NCJ Number
200189
Journal
Judicature Volume: 86 Issue: 5 Dated: March-April 2003 Pages: 227-231
Date Published
March 2003
Length
5 pages
Annotation
This article argues for the elimination of the rules of evidentiary admissibility in civil, non-jury proceedings.
Abstract
Anglo-American evidence law is distinctive for its concept of "admissibility." This concept was developed at common law because there was no way for any legal authority to monitor or direct the autonomous and secret deliberations of the jury. As a means of controlling the quality and ensuring the legitimacy of jury verdicts, the common law determined to screen the evidence that juries would be allowed to hear and evaluate.

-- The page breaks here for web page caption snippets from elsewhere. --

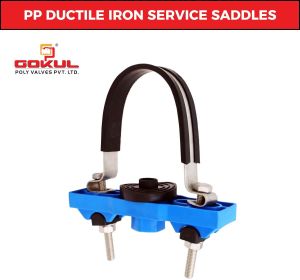 PP Service Saddle
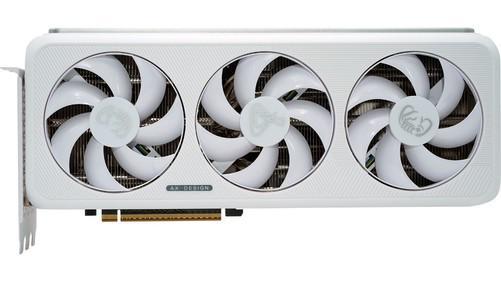 电竞叛客RTX 5070 X3W 震撼上市：纯白美学与旗舰性能的完美交响雷竞技raybet入口(图4)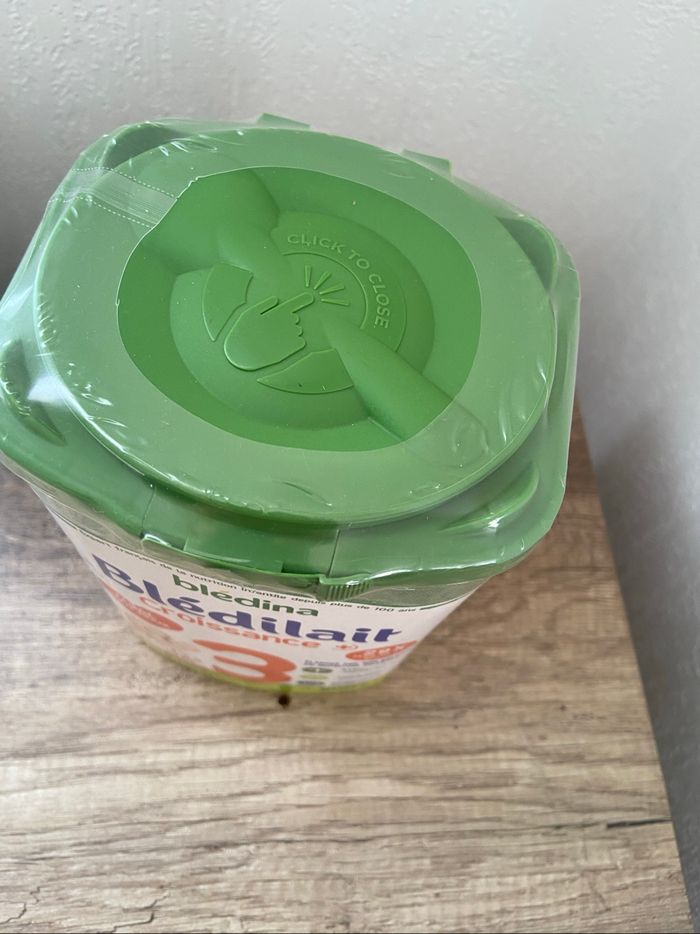 Blèdilait 3éme âge - photo numéro 3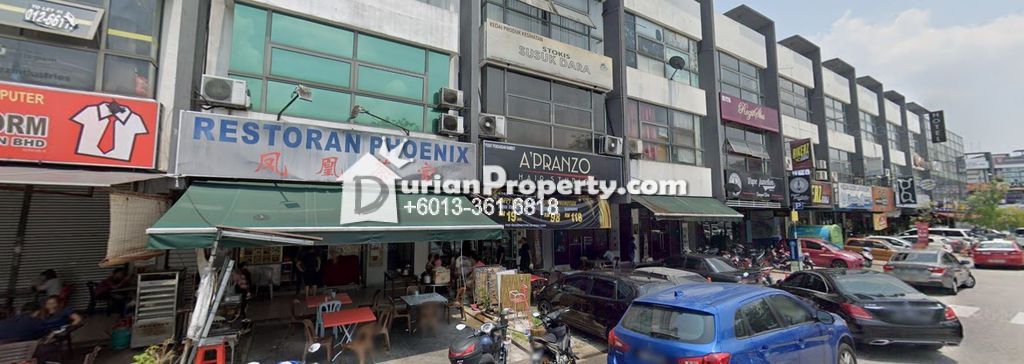 Shop Office For Sale At The Trillium Sungai Besi For Rm 2 220 000 By Andy Ng Durianproperty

The rationale was that lay jurors should be prevented from being exposed to information that might prejudice them against a party or distract them from the core issues of the case or cause them to arrive at verdicts based on unreliable or otherwise questionable evidence. In 1964 Professor Kenneth Culp Davis argued that because the vast majority of trials across the United States occur without juries, application of rules of admissibility to all trials causes time-consuming courtroom wrangling that is useful in only a small minority of cases. Use of rules of evidentiary admissibility in civil, non-jury cases continues due to the large number of litigants who argue their cases without attorneys, the reluctance of attorneys and law schools to discard a body of complex knowledge of evidence admissibility that requires their services and that has been a traditional component of law school education, and the reluctance to and the difficulty of change. This article includes suggestions for simplifying the rules of evidence in civil, non-jury cases to accommodate litigants who do not have attorneys.